▸ Activity
Below are records to give again exactly; omit each image they contain.
────────────────────
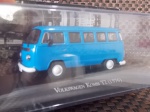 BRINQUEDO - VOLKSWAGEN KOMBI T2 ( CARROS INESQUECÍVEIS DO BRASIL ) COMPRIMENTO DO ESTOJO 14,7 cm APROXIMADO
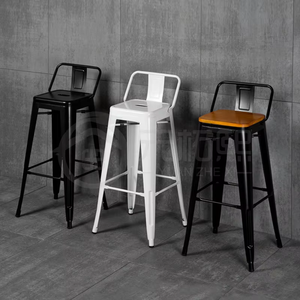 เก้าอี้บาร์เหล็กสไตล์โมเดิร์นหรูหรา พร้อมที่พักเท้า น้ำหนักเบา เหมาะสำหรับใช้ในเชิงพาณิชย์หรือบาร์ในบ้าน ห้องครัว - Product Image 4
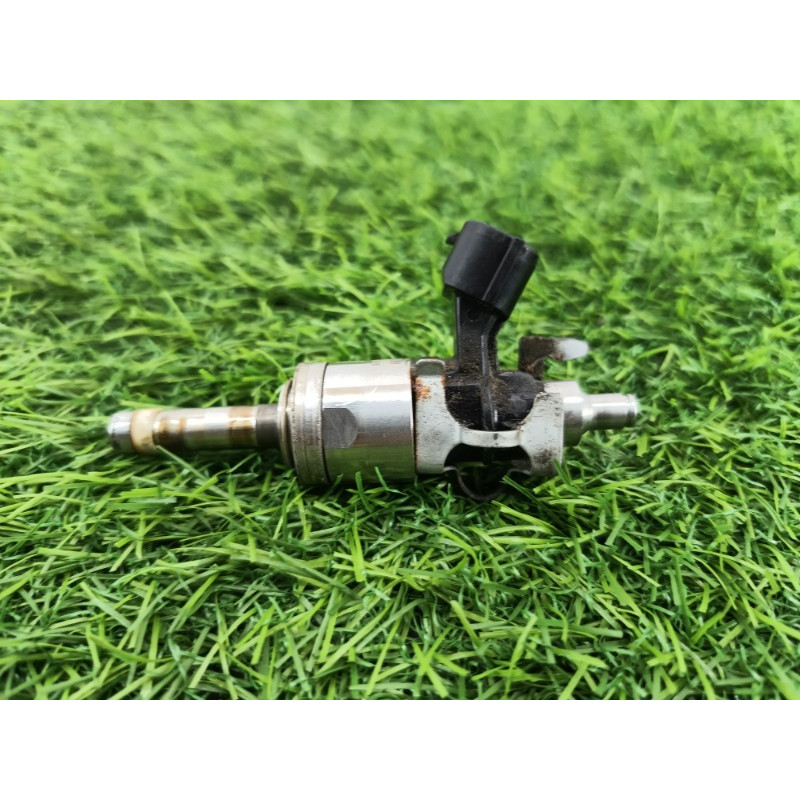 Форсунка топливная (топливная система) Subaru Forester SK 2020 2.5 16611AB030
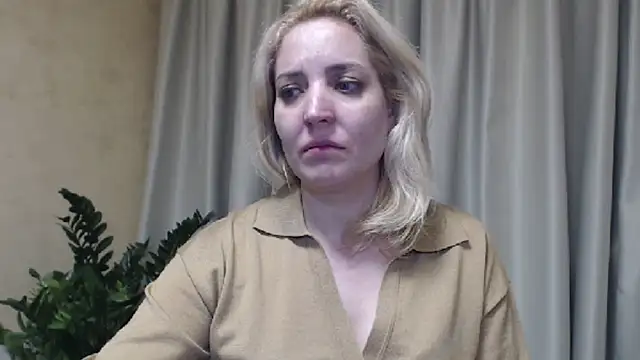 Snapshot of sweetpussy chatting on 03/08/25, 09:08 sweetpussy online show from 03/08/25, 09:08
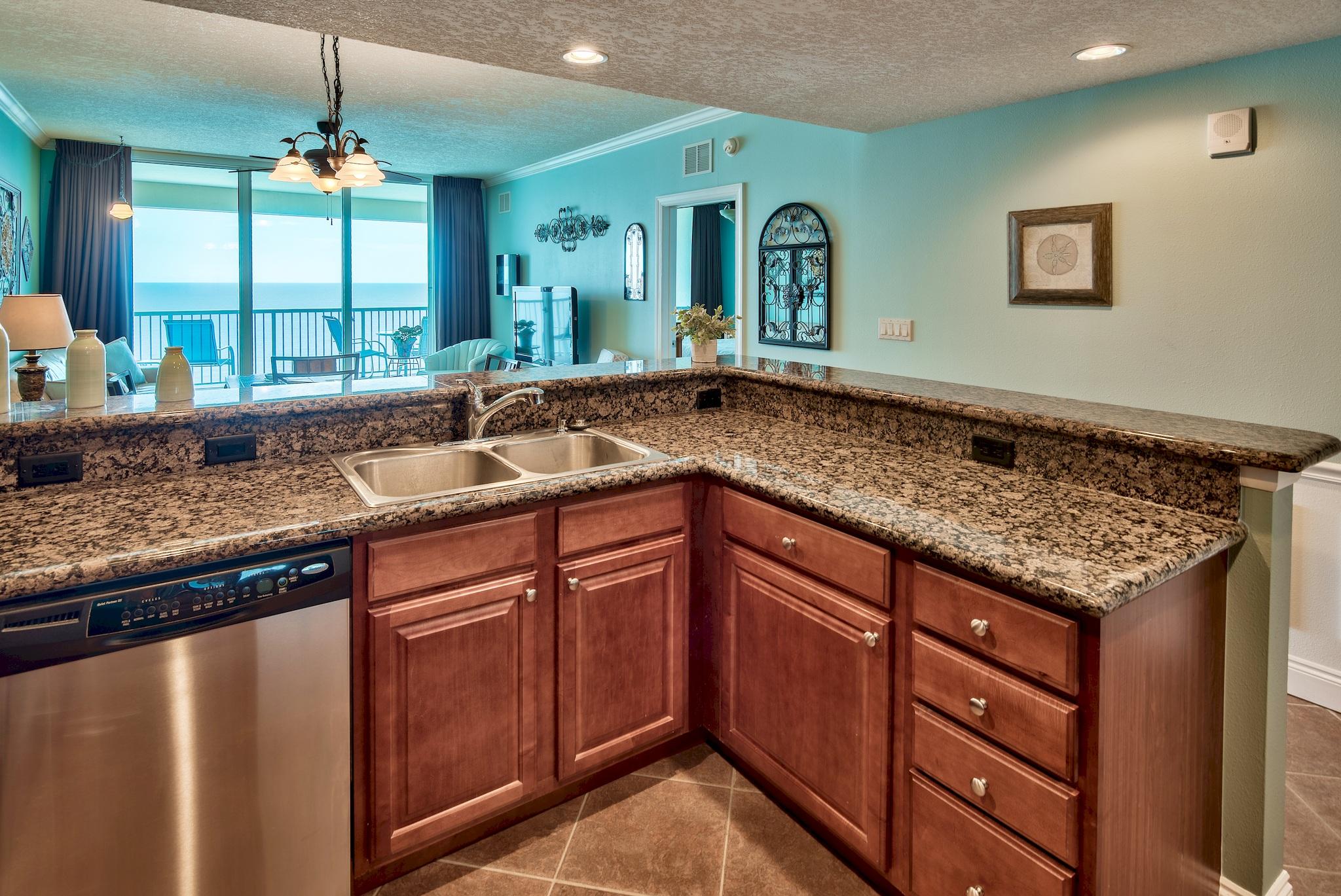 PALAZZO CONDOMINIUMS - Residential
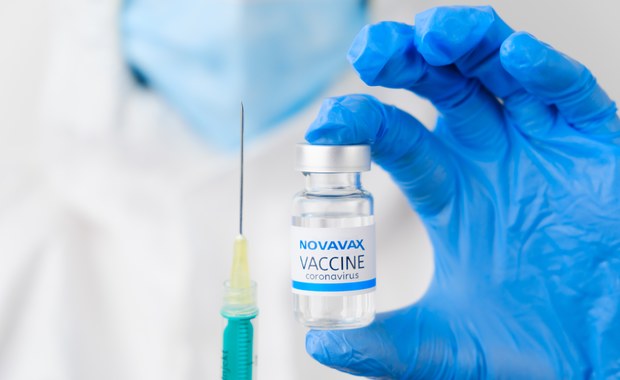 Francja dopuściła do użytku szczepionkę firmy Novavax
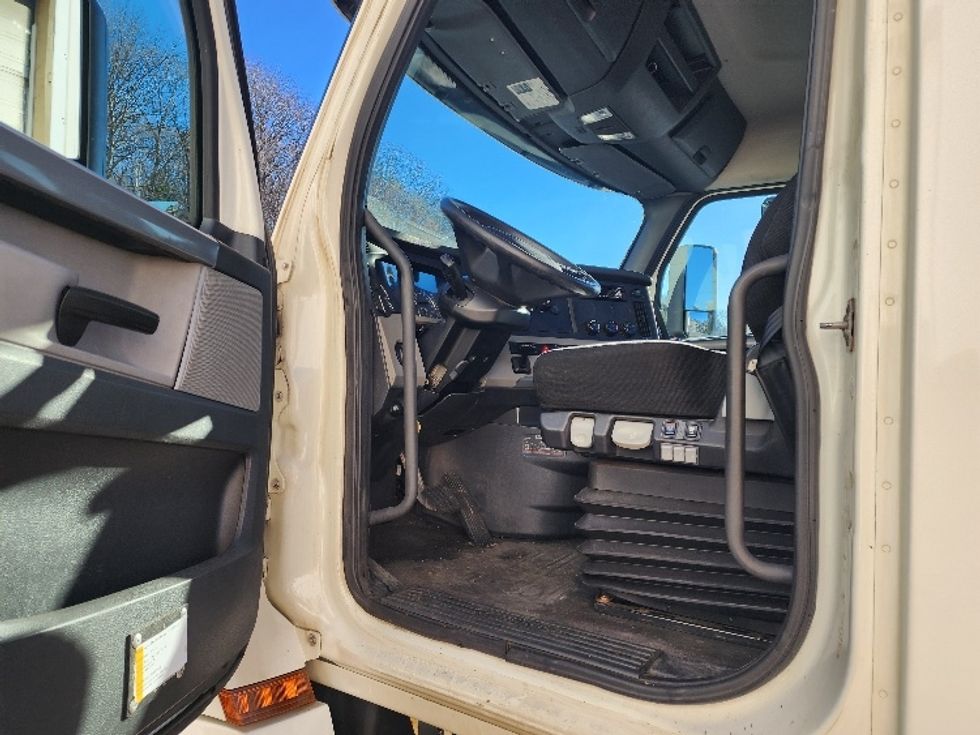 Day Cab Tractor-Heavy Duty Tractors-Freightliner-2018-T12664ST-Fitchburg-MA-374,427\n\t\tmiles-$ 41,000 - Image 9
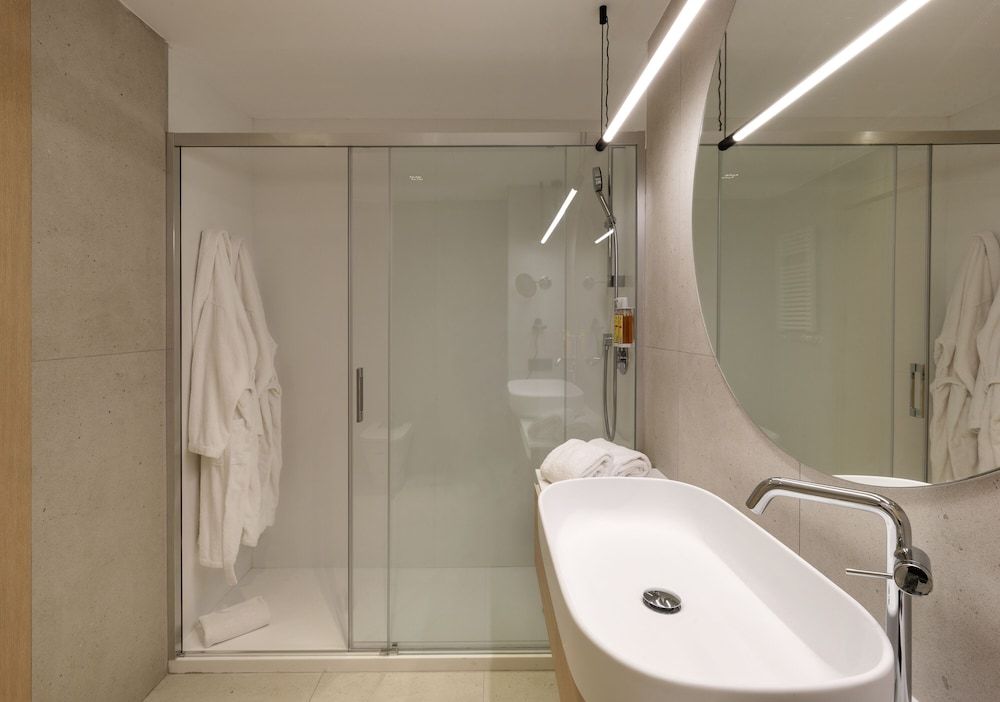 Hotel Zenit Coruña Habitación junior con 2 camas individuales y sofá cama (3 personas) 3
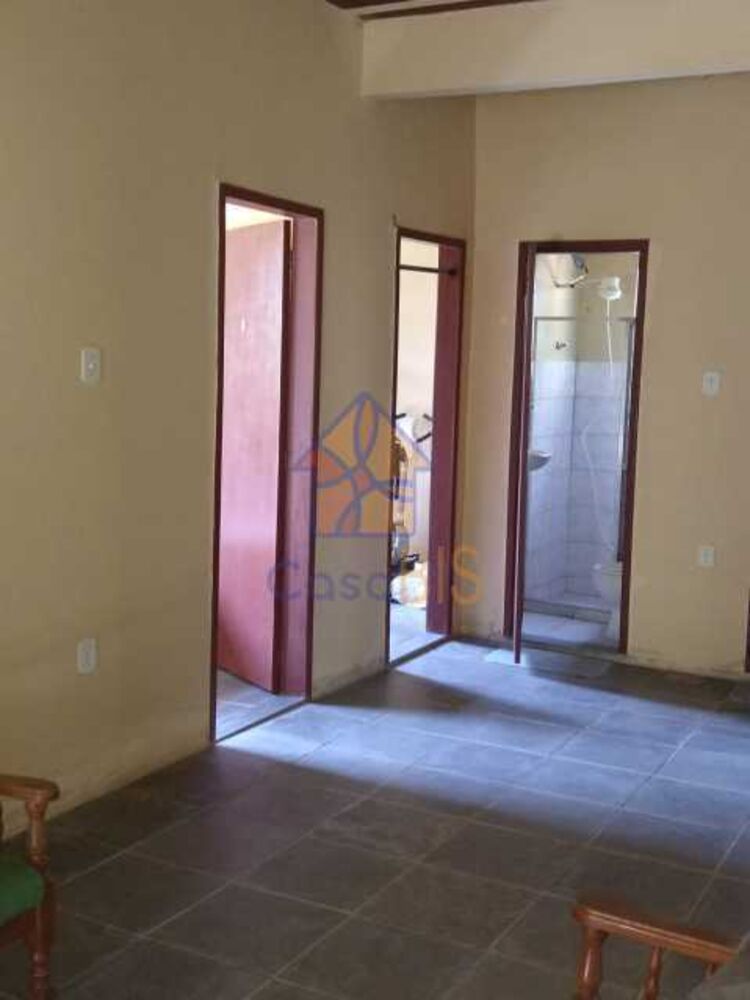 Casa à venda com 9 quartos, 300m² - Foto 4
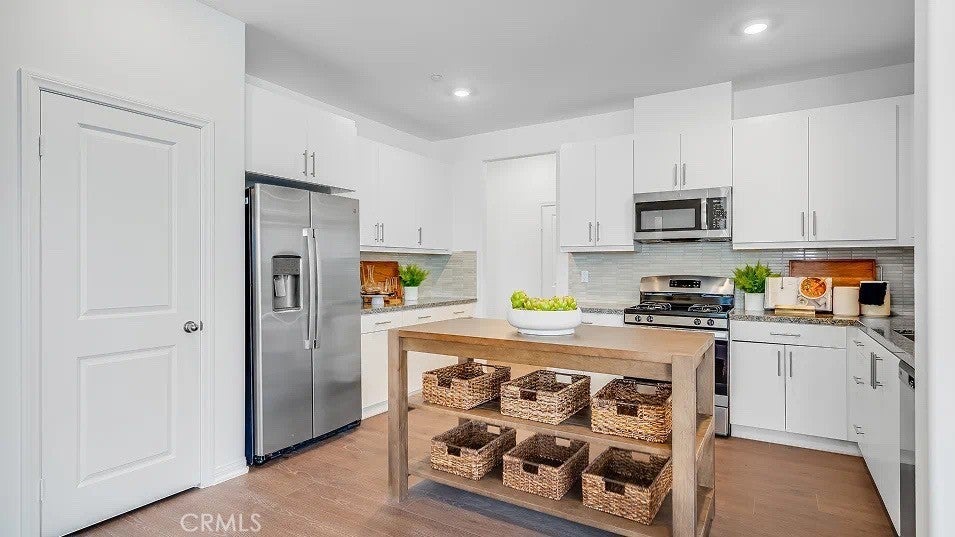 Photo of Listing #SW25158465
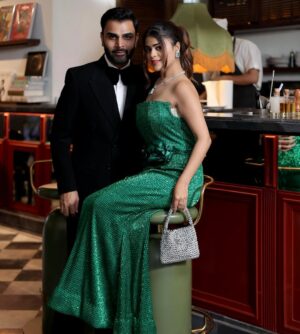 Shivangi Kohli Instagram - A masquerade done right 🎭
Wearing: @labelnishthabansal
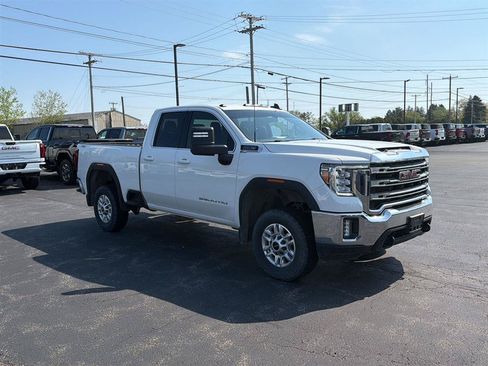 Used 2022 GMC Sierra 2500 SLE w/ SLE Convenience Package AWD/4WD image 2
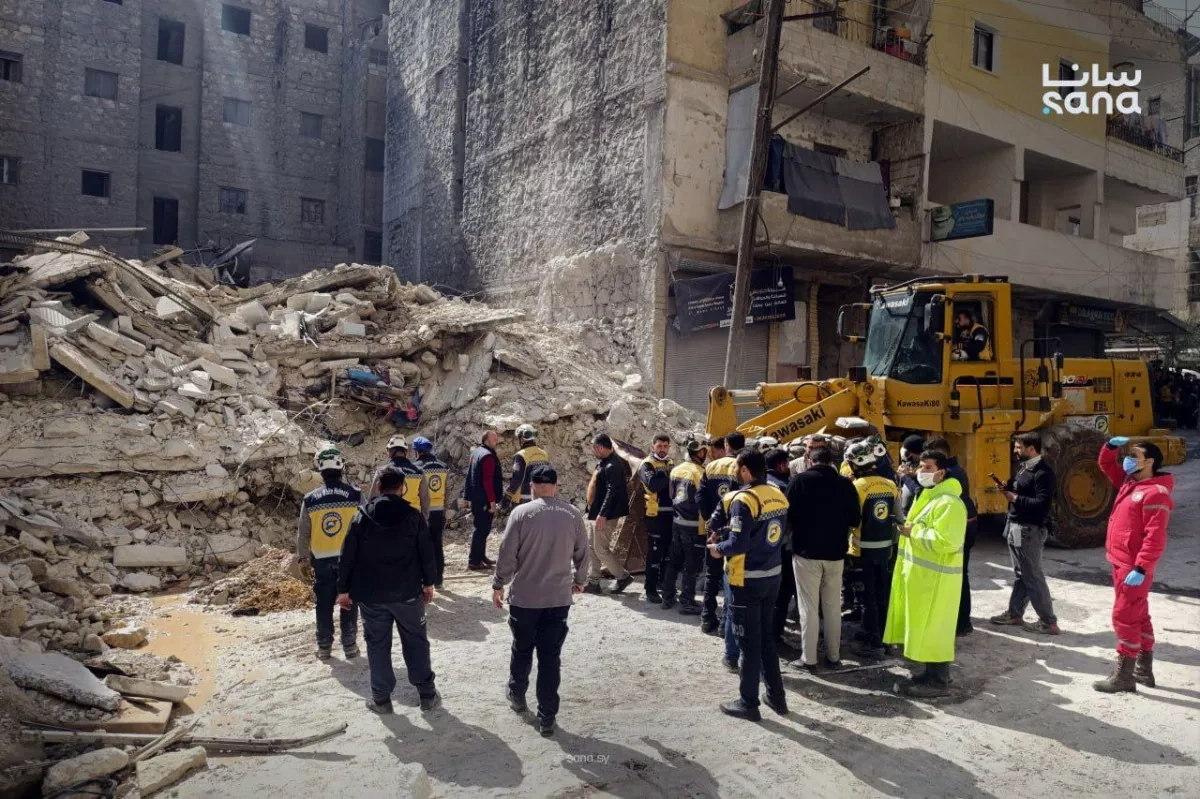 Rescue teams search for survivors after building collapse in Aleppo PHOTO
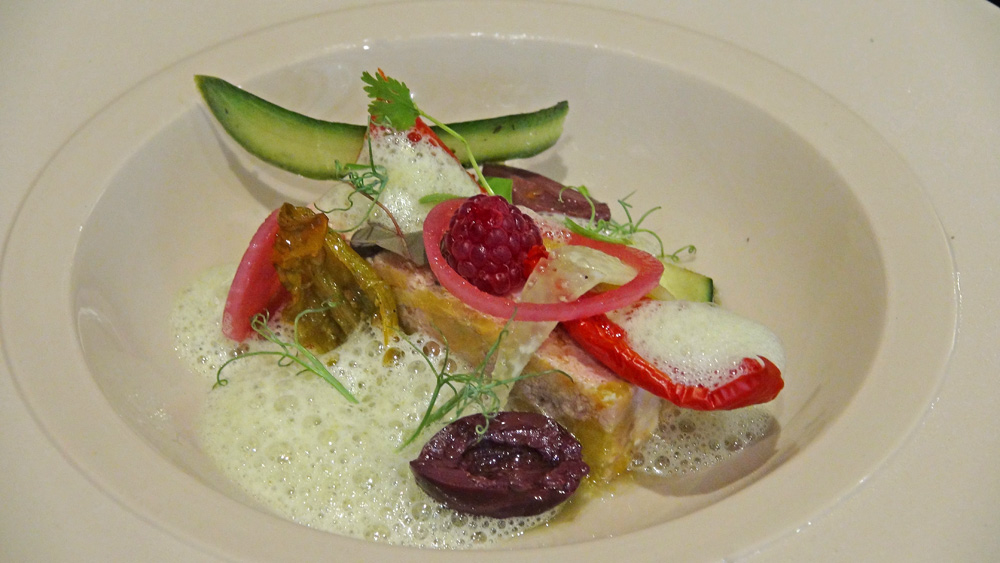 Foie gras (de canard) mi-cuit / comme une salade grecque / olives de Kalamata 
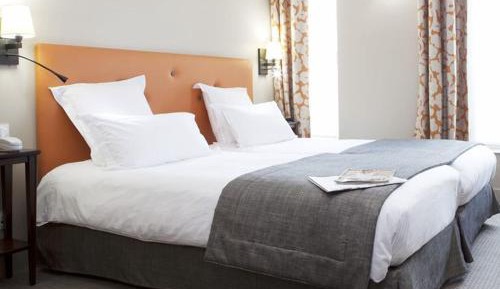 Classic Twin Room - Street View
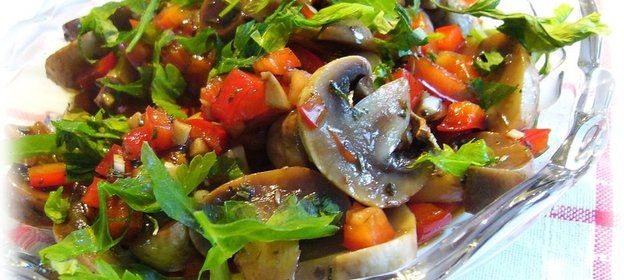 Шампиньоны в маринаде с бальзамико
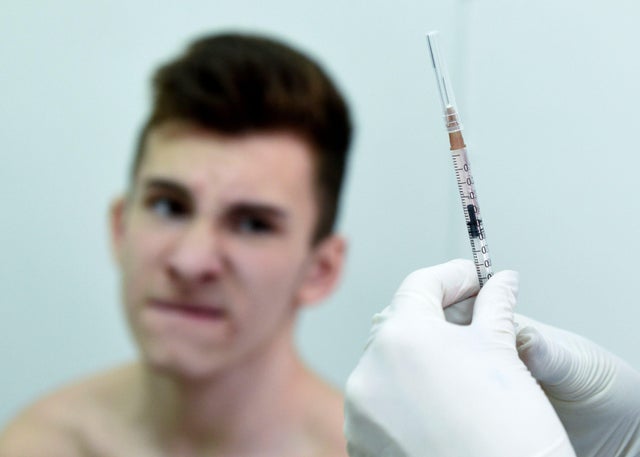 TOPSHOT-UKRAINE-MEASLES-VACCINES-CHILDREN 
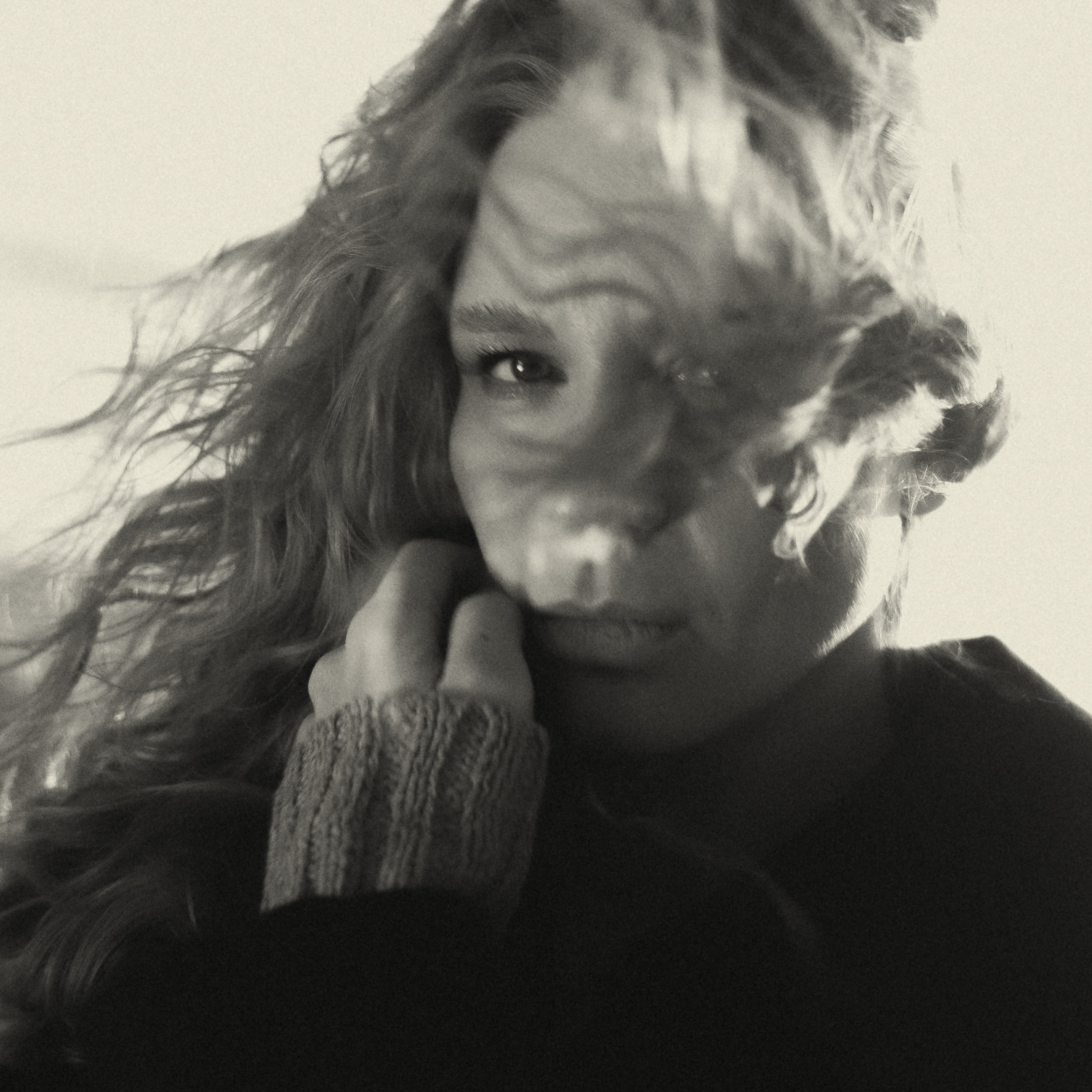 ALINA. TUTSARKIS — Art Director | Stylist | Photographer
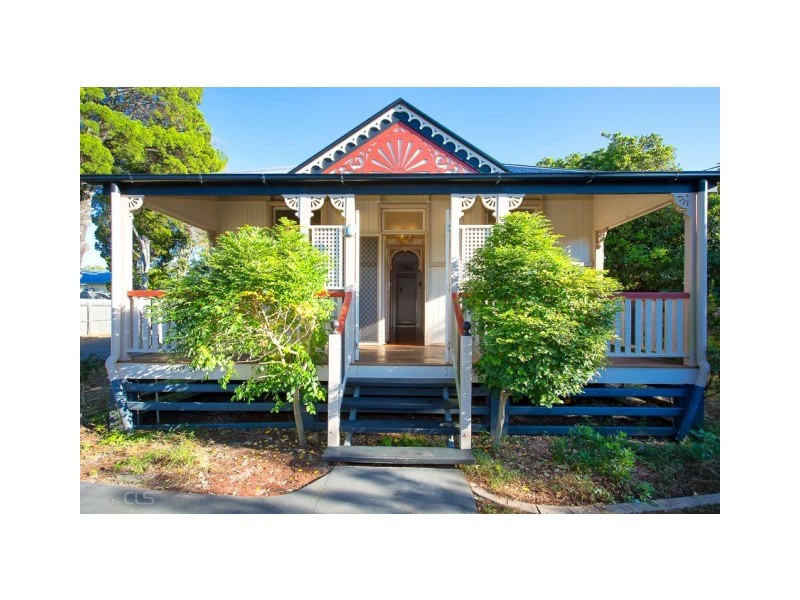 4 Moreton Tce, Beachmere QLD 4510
────────────────────
▸ Written response
 BRINQUEDO - VOLKSWAGEN KOMBI T2 ( CARROS INESQUECÍVEIS DO BRASIL ) COMPRIMENTO DO ESTOJO 14,7 cm APROXIMADO
 เก้าอี้บาร์เหล็กสไตล์โมเดิร์นหรูหรา พร้อมที่พักเท้า น้ำหนักเบา เหมาะสำหรับใช้ในเชิงพาณิชย์หรือบาร์ในบ้าน ห้องครัว - Product Image 4
 Форсунка топливная (топливная система) Subaru Forester SK 2020 2.5 16611AB030
 Snapshot of sweetpussy chatting on 03/08/25, 09:08 sweetpussy online show from 03/08/25, 09:08
 PALAZZO CONDOMINIUMS - Residential
 Francja dopuściła do użytku szczepionkę firmy Novavax
 Day Cab Tractor-Heavy Duty Tractors-Freightliner-2018-T12664ST-Fitchburg-MA-374,427\n\t\tmiles-$ 41,000 - Image 9
 Hotel Zenit Coruña Habitación junior con 2 camas individuales y sofá cama (3 personas) 3
 Casa à venda com 9 quartos, 300m² - Foto 4
 Photo of Listing #SW25158465
 Shivangi Kohli Instagram - A masquerade done right 🎭
Wearing: @labelnishthabansal
 Used 2022 GMC Sierra 2500 SLE w/ SLE Convenience Package AWD/4WD image 2
 Rescue teams search for survivors after building collapse in Aleppo PHOTO
 Foie gras (de canard) mi-cuit / comme une salade grecque / olives de Kalamata 
 Classic Twin Room - Street View
 Шампиньоны в маринаде с бальзамико
 TOPSHOT-UKRAINE-MEASLES-VACCINES-CHILDREN 
 ALINA. TUTSARKIS — Art Director | Stylist | Photographer
 4 Moreton Tce, Beachmere QLD 4510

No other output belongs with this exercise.